LeWhoo · January 7, 2021, 11:30pm

I’ve read in some older posts that array of strings made as chars (which is array of array of chars with variable length, I understand) does not work properly with TTrees. I think I also tried it and indeed something like mychar[50]/C (which would be 50 strings of variable size) didn’t work.

TBranch *newbranch = tree->Branch("names", &values);

I think this creates a branch with a single leaf. I would like to add a vector of strings to a multi-leaf branch. Can I do that?

pcanal · January 8, 2021, 2:22am

Right. I misunderstood where the emphasis (it was not TTree vs something else like TNtuple but rather with the “leaflist” syntax itself).

I think this creates a branch with a single leaf.

Yes.

I would like to add … to a multi-leaf branch.

You can not add to an existing multi-leaf branch (that is because the data is anyway stored as a single block so that would mean inserting some additional data in the already compressed data on disk).

You also can not mix leaflist mode of creation and objects.

But anyway, why would you want to do this? What is the advantage? A priori anything you can do if you had succeeded to create what you described you can do with the additional single-leaf branch.

Cheers,
Philippe.

LeWhoo · January 8, 2021, 8:48am

It is a matter of order. I am translating an HDF5 file structure to ROOT. In the HFD5 I have arrays of structures (in the C meaning), and inside those structures, I have strings of variable size. My idea is that each structure should be translated as a multi-leaf branch in a ROOT TTree. Destroying the original hierarchy will make everything much less readable, but I understand that it can’t be done hierarchically in ROOT.

pcanal · January 8, 2021, 5:29pm

Actually this can be done (for example we could generate a dictionary for the struct and create an unsplit object branch base on the array of struct ; this can even be done if you don’t have access to the structure’s definition at compile time).

A side, related, question is whether using the exact same structure for the ROOT file and the HDF5 is the best. Using the leaflist technique means that the data in the array of struct is stored in a single block (i.e, the buffer seen by the compression engine contains struct elem 0 var 0, then struct elem 0 var 1, etc … then struct elem 1 var 0, then struct elem 1 var 1. This has 2 major disavantages,

all the data needs to always be read even if you are interested in only one variable
the compression engine sees heterogeneous data.

If instead you create one branch per variable (this can be done while preserving the hierarchy by using the same technique I mentioned at the beginning of this post), the instead each (sub) branch will have their own buffer and the compression engine will see [struct elem 0 var 0, struct elem 1 var 0, etc.] and in another operation/separately it will see [struct elem 0 var 1, struct elem 1 var 1, etc.] and beside getting better compression ration you will then be able to read individual variable without have to load from the disk nor having to decompress any of the other data.

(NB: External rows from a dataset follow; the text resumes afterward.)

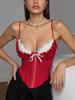 Cross-Border Sexy Mesh-Lace Fishbone Corset Top for Innerwear & Outerwear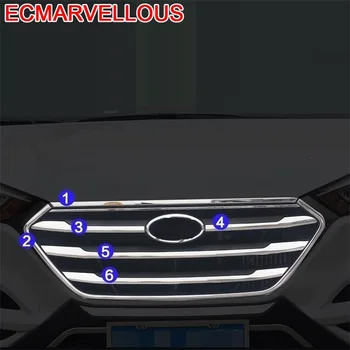 

Auto Body Grille Automobile Modified Chromium Car Styling Decoration Sticker Strip Accessories 15 16 17 18 FOR Hyundai Tucson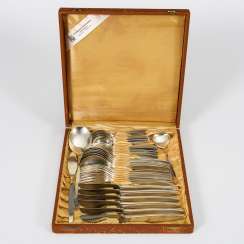 Pour 6 Personnes, couverts en Argent brune d'Origine-Coffret Pour 6 Personnes, couverts en Argent brune d'Origine-Coffret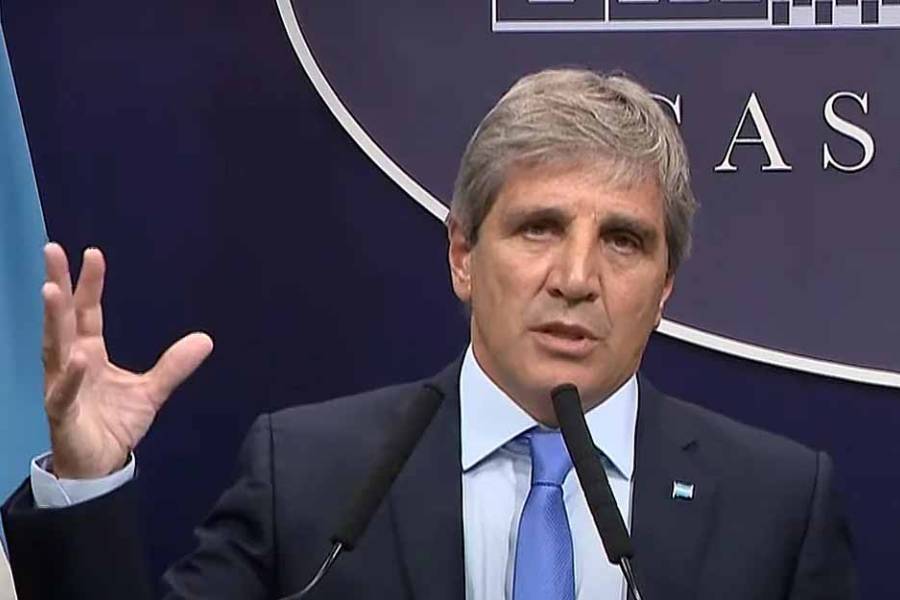 Caputo sale a buscar $8 billones y US$150 millones en el mercado local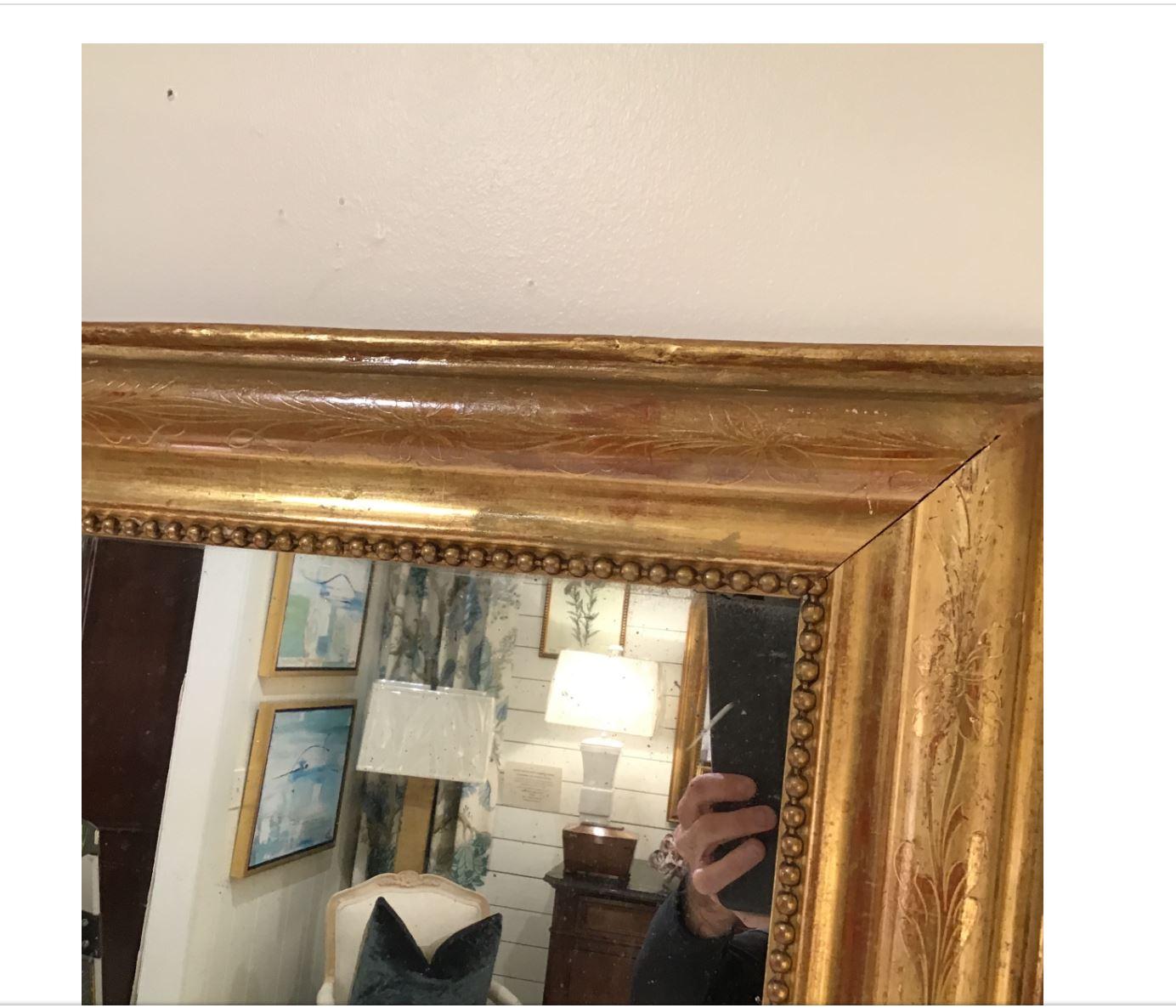 19th Century Louis Philippe Mirror #056 In Good Condition For Sale In Nashville, TN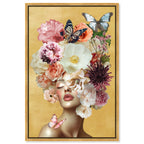 Butterfly Lover II | Hand Embellished Gold Leaf Art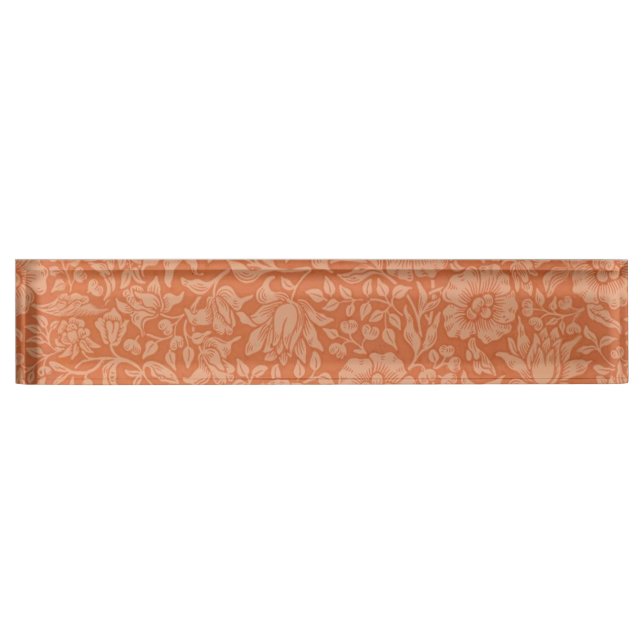 William Morris Mallow Floral Wallpaper Design Namensplakette (Vorderseite)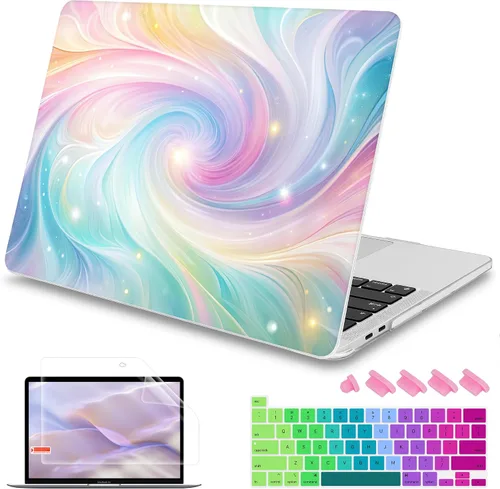 Miniatura 29 de Mektron Funda para MacBook Pro de 16 Pulgadas A2141 Versión 2019 con Pantalla Liquid Retina/Touch ID, Carcasa Rígida de Plástico con Funda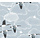 Olive & Noah - Soft Blue Clouds 100x280cm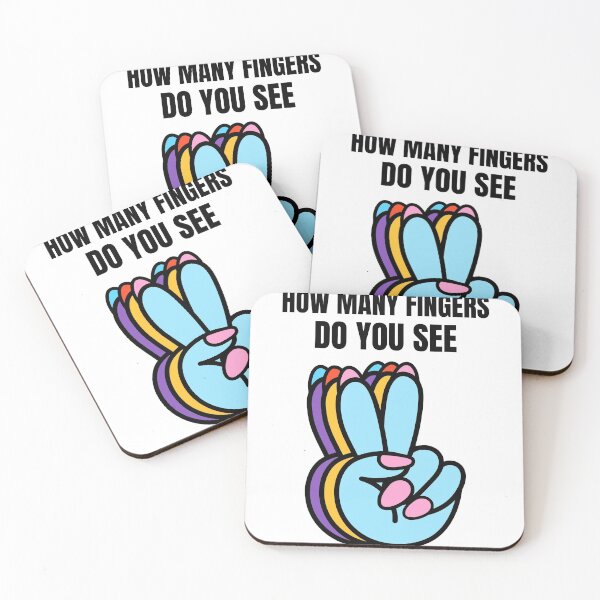 Item preview, eye tricking colorful fingers designed and sold by Built After 5.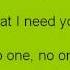 Brianna All I Need Lyrics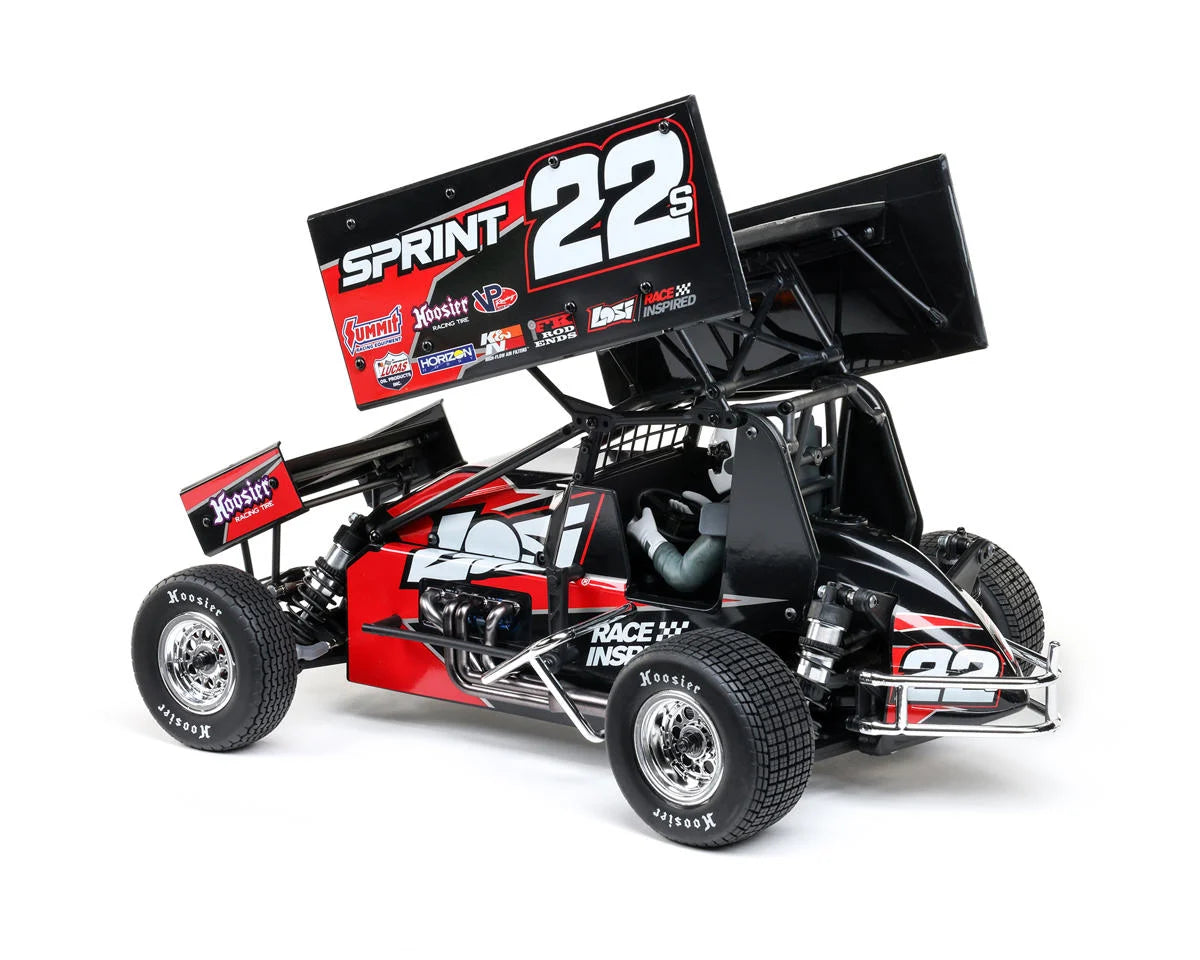 Losi 22S Sprint Car 1/10 2WD RTR Combo with Battery and Charger - Red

LeWhoo · January 8, 2021, 8:15pm

I see. However, dictionaries are somewhat tedious if one is using only basic type. And char, *char or **char is a basic type. I would bet it is not uncommon to have an array of variable size strings in some kind of an event. I understand that this is far from a priority, but adding handling of this kind of basic data would add a feature that is clearly missing in the basic use of TTree (and is implemented in “competing” format like HDF5).

That is actually a very valid point. I wanted to try to use ROOT TTree to compare the speed with HDF5 which is claimed to be slow. So for the sake of speed and compression I think I’ll sacrifice the readability and implement everything in separate branches, as you’ve suggested. Thanks!

Axel · January 11, 2021, 7:54am

Hi @LeWhoo ,

Would you be willing to share your comparison results once you have them, for instance in a new forum post? Or if it’s for publication, sharing a link to the paper would also be nice! We’d also be happy to review the code that you use for the comparison, to make sure there’s no obvious performance bottleneck.

Cheers, Axel.

system · January 25, 2021, 7:54am

This topic was automatically closed 14 days after the last reply. New replies are no longer allowed.